Recent HPC-relevant advances in the deployment of deep learning recurrent nets have been demonstrated in exciting scaling studies of Princeton’s new Deep Learning Code -- "FRNN (Fusion Recurrent Neural Net) Code on modern GPU systems. This is clearly a “big-data” project in that it has direct access to the huge EUROFUSION/JET disruption data base of over a half-petabyte to drive these studies1. FRNN implements a distributed data parallel synchronous stochastic gradient approach with “Tensorflow”2 and “Theano” 3 libraries at the backend and MPI for communication. This deep learning software has recently demonstrated excellent scaling up to 6000 GPU's on Titan – enabled by a 2017 Oak Ridge Leadership Computing Facility (OLCF) Director’s Discretionary Award. This has enabled stimulating progress toward the goal of establishing the practical feasibility of using leadership class supercomputers to greatly enhance training of neural nets to enable transformational impact on key discovery science application domains such as Fusion Energy Science. Powerful systems targeted for near-future deployment of our deep learning software include: (1) Japan’s new “Tsubame 3” system with 3000 P-100 GPU’s; (2) Switzerland’s “Piz Daint” CRAY XC50 system with its 4500 P100 GPU’s; (2) Switzerland’s “Piz Daint” CRAY XC50 system with its 4500 P100 GPU’s; and (3) OLCF’S “Summit-Dev” system. Summarily, statistical Deep Learning software trained on very large data sets hold exciting promise for delivering much-needed predictive tools capable of accelerating scientific knowledge discovery in HPC. The associated creative methods being developed also has significant potential for cross-cutting benefit to a number of important application areas in science and industry.

 

Title Application Readiness Projects for the Summit Architecture
Speaker Tjerk Straatsma (Oak Ridge National Laboratory)

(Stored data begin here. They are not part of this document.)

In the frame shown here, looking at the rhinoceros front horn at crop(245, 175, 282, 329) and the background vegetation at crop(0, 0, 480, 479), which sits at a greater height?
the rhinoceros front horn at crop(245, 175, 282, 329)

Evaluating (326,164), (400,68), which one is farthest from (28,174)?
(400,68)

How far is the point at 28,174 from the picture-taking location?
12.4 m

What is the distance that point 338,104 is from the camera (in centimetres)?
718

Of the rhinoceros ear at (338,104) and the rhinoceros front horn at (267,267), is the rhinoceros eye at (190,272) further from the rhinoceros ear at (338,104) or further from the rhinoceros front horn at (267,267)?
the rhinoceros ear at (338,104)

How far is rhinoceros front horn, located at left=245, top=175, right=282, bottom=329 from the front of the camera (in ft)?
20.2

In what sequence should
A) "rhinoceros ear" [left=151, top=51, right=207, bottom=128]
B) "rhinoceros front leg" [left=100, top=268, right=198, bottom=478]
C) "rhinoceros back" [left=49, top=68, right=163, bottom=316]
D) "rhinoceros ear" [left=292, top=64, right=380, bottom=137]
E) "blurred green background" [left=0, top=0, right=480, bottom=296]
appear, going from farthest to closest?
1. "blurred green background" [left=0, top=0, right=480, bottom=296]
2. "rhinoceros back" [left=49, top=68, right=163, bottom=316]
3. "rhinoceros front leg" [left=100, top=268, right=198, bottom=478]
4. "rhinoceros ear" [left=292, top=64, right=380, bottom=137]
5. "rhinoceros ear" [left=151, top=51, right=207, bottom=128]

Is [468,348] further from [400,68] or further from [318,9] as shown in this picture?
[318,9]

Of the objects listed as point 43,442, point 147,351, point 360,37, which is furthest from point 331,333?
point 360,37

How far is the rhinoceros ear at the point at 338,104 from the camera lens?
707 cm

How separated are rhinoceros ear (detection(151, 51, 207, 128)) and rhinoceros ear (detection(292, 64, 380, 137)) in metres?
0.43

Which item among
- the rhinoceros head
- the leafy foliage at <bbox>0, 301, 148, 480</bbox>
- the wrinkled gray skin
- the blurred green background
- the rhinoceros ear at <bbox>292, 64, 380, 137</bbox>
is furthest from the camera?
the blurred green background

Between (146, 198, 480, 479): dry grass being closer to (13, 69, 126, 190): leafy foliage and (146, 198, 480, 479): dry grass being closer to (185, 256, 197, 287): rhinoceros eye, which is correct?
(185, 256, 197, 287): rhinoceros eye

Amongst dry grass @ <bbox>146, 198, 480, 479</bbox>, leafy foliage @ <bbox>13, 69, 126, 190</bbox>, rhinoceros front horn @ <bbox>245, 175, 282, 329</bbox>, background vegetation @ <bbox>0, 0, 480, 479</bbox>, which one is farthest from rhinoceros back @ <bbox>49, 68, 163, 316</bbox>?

Abstract The Oak Ridge Leadership Computing Facility (OLCF) in partnership with the IBM/NVIDIA Center of Excellence and scientific application developers is preparing a suite of scientific codes for its user programs. The Center for Accelerated Application Readiness (CAAR) projects are using an Early Access Power8+/Pascal system named SummitDev to prepare for the Power9/Volta system Summit. This presentation highlights achievements on this system, and the experience of the teams that will be a valuable resource for other development teams.